▶ DATASET RECORDS:

───

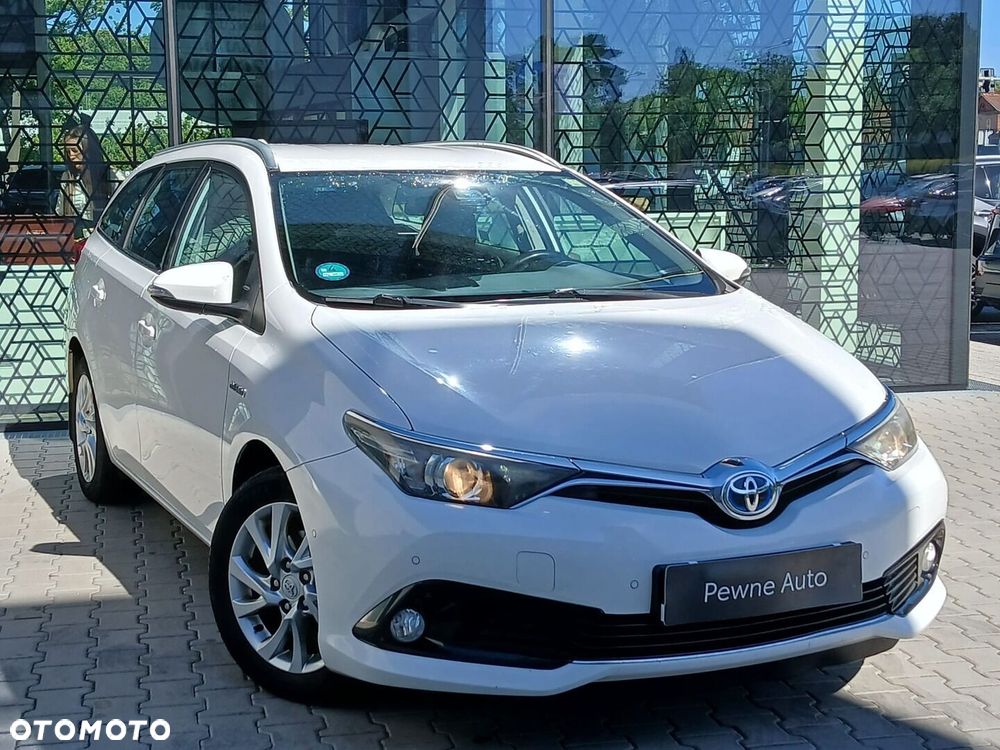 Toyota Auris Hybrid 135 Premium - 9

───

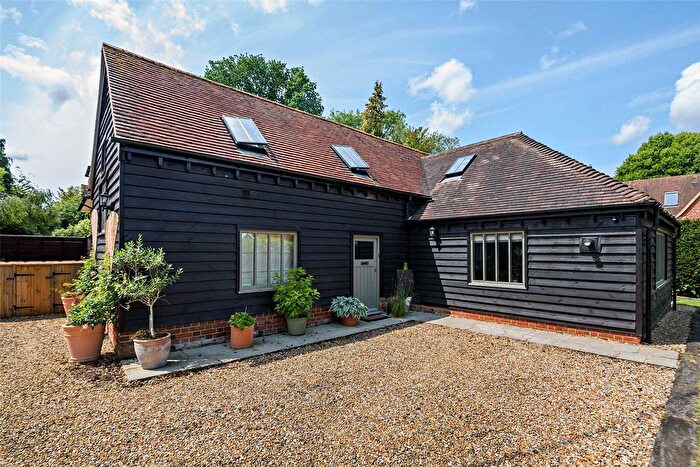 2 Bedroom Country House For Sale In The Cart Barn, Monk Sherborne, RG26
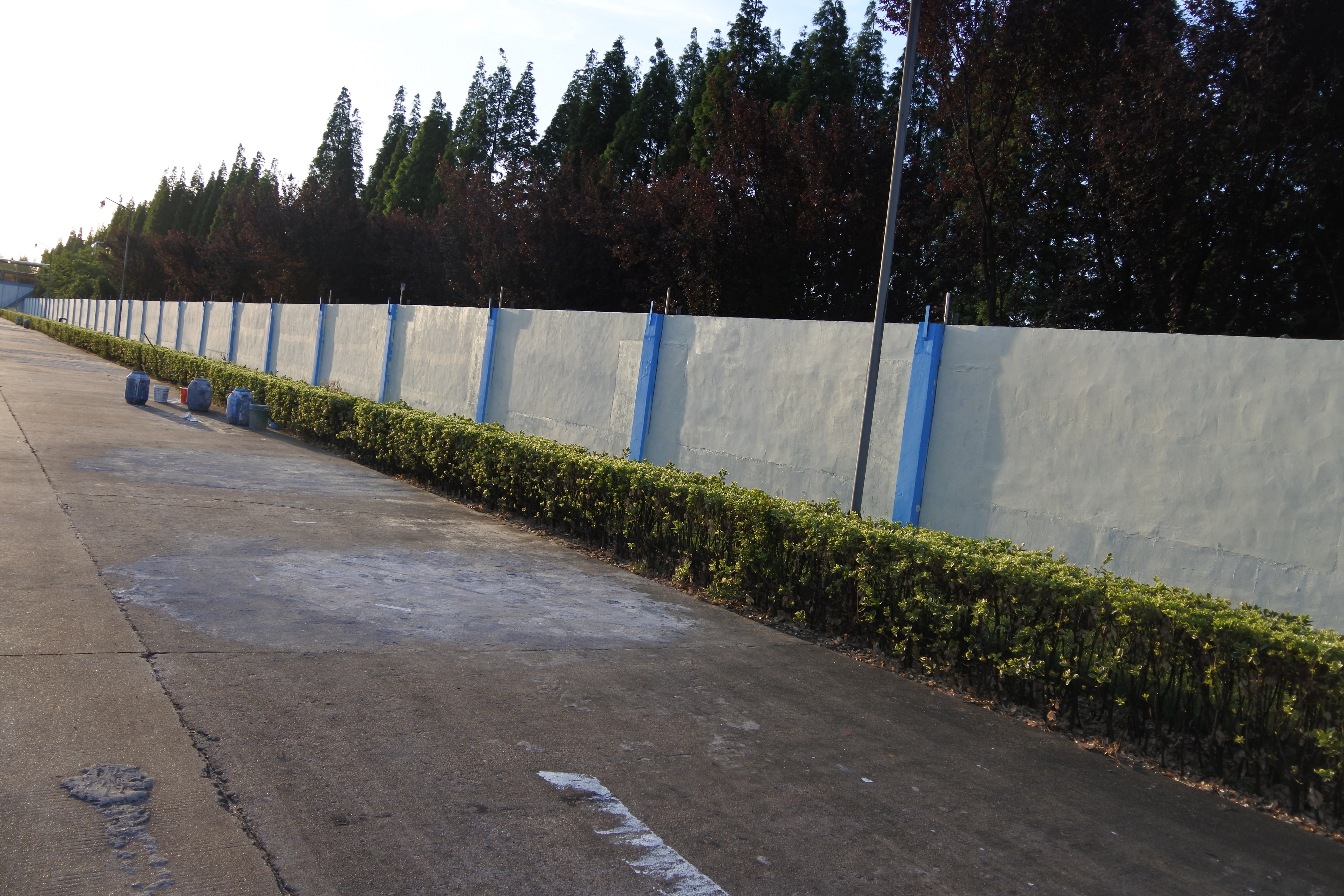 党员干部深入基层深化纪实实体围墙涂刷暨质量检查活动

───

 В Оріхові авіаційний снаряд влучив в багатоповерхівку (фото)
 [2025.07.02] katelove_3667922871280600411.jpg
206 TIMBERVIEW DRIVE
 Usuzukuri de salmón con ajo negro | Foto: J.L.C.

───

▶ WORK TO COMPLETE:
Set down exactly the lines above, from the line containing "2 Bedroom Country" through the line containing "党员干部深入基层深化纪实实体围墙涂刷暨质量检查活动". Skip the pictures.

▶ RESULT OF THE EXERCISE:
 2 Bedroom Country House For Sale In The Cart Barn, Monk Sherborne, RG26
 党员干部深入基层深化纪实实体围墙涂刷暨质量检查活动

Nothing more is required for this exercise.